PREDICTION OF WIND SPEEDS BASED ON DIGITAL ELEVATION MODELS USING BOOSTED REGRESSION TREES

P. Fischer1, C. Etienne2, J. Tian1, and T. Krauß1 P. Fischer et al.
  • 1Remote Sensing Technology Institute, German Aerospace Center (DLR), Münchener Str. 20, 82234 Wessling, Germany
  • 2Secquaero Advisors Ltd., 8001 Z¨urich, Switzerland

Keywords: Digital Elevation Model, Wind Speed, Non-Parametric Regression

Abstract. In this paper a new approach is presented to predict maximum wind speeds using Gradient Boosted Regression Trees (GBRT).

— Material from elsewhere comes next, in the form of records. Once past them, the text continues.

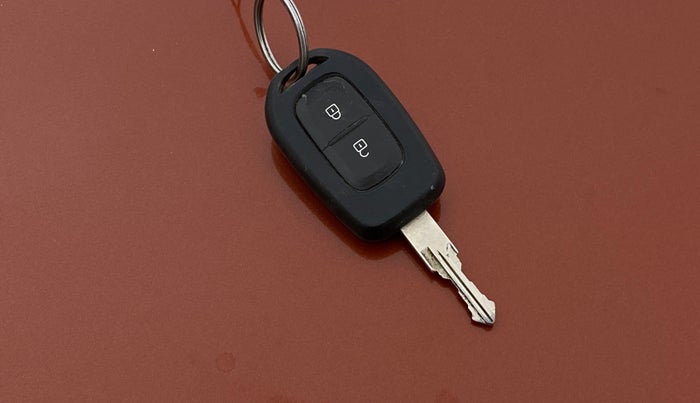 2016 Renault Duster 85 PS RXL DIESEL, Diesel, Manual, 1,29,567 km, Key Close Up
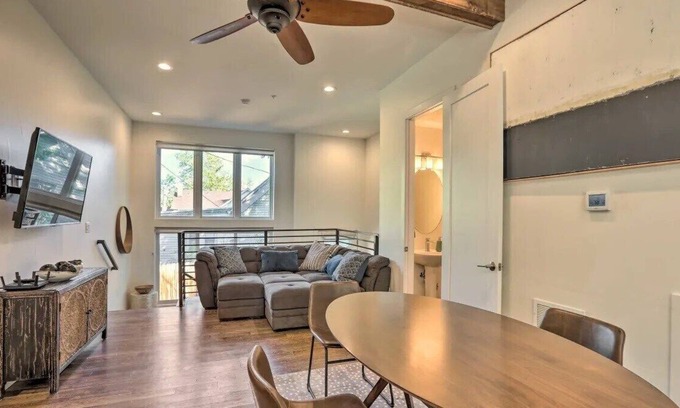 Golden Apartamento | The Golden Star - 2 bed with private roof deck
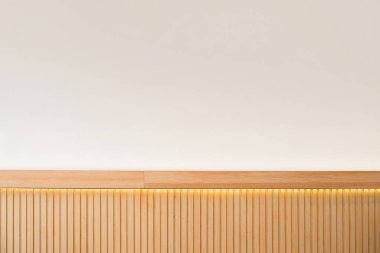 Düz çizgili ahşap duvar dokusu ve beyaz duvar. Bej rengi. Özgeçmiş için uygun.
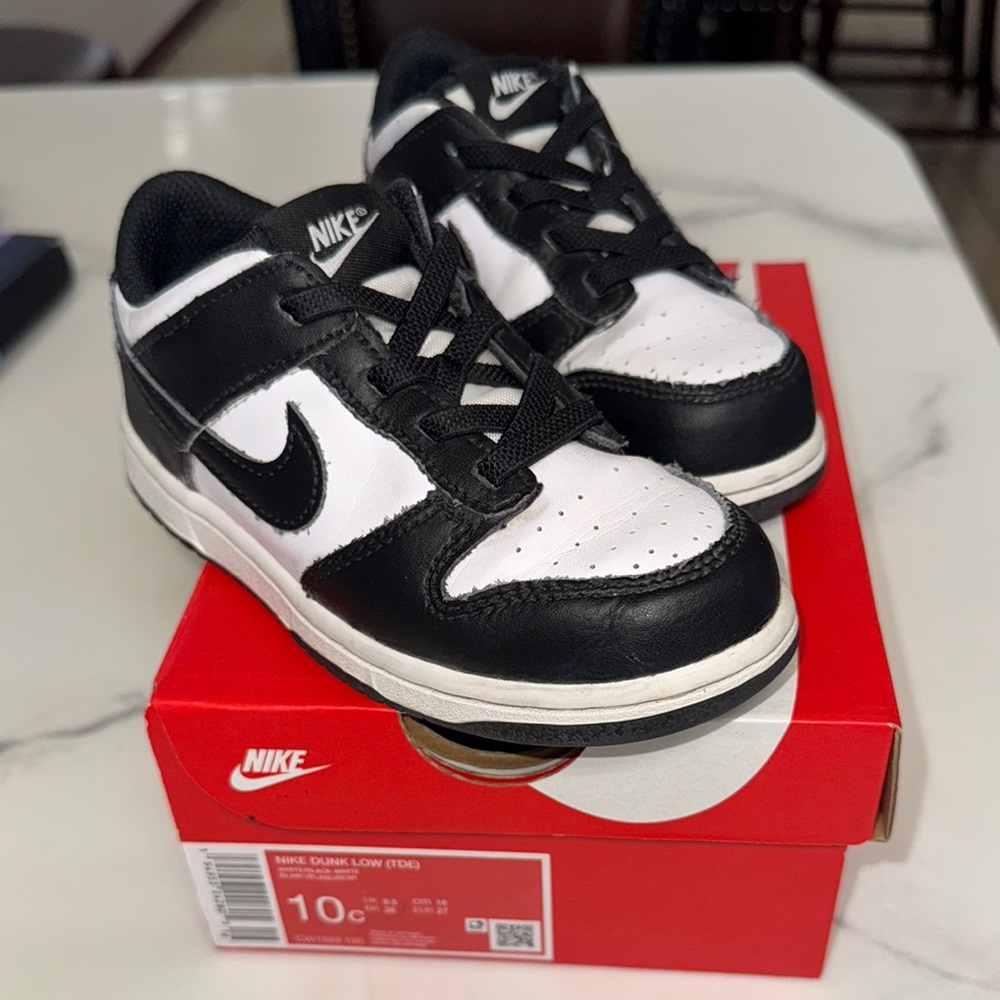 Nike Black and White Dunk Sneakers Classic High-Top Design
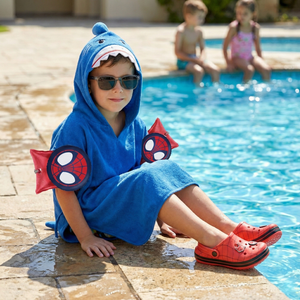 Combo Sandalia Zueco Niño Spiderman Rojo + Toalla Poncho Tiburón + Flotadores 3D Spiderman + Lentes de Sol Theo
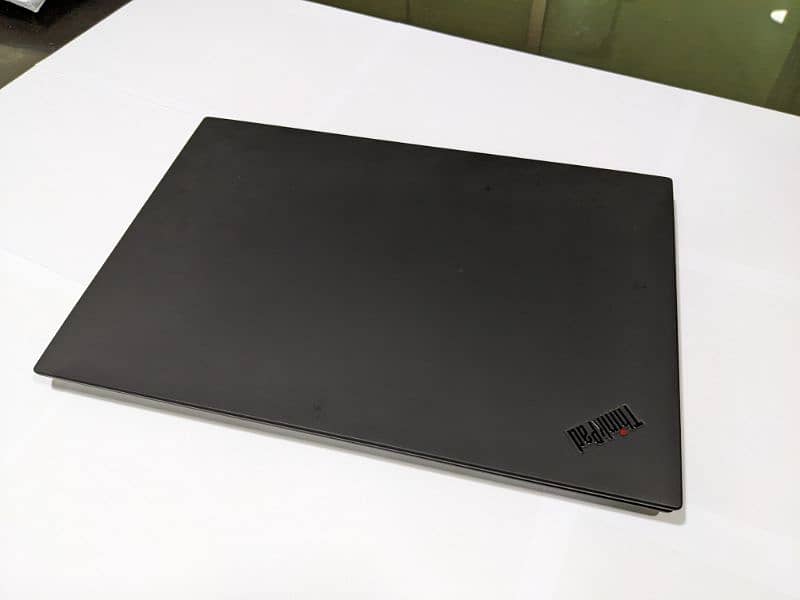 Lenovo Thinkpad P1 Gen 1 / laptop 11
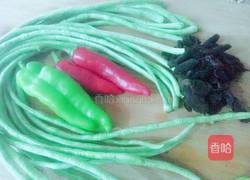 肉丝炒豆角的做法图解1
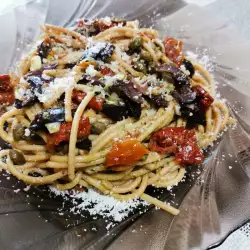 Espaguetis con tomates secos y pesto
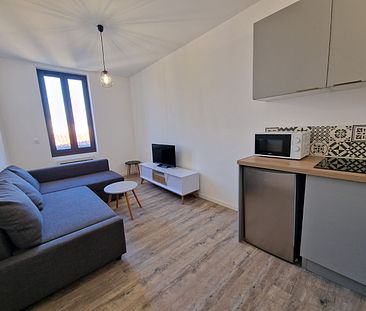 Appartement 2 pièces 28m2 MARSEILLE 9EME 720 euros - Photo 2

GBRT are a non-parametric regression technique used in various applications, suitable to make predictions without having an in-depth a-priori knowledge about the functional dependancies between the predictors and the response variables. Our aim is to predict maximum wind speeds based on predictors, which are derived from a digital elevation model (DEM). The predictors describe the orography of the Area-of-Interest (AoI) by various means like first and second order derivatives of the DEM, but also higher sophisticated classifications describing exposure and shelterness of the terrain to wind flux. In order to take the different scales into account which probably influence the streams and turbulences of wind flow over complex terrain, the predictors are computed on different spatial resolutions ranging from 30 m up to 2000 m. The geographic area used for examination of the approach is Switzerland, a mountainious region in the heart of europe, dominated by the alps, but also covering large valleys. The full workflow is described in this paper, which consists of data preparation using image processing techniques, model training using a state-of-the-art machine learning algorithm, in-depth analysis of the trained model, validation of the model and application of the model to generate a wind speed map.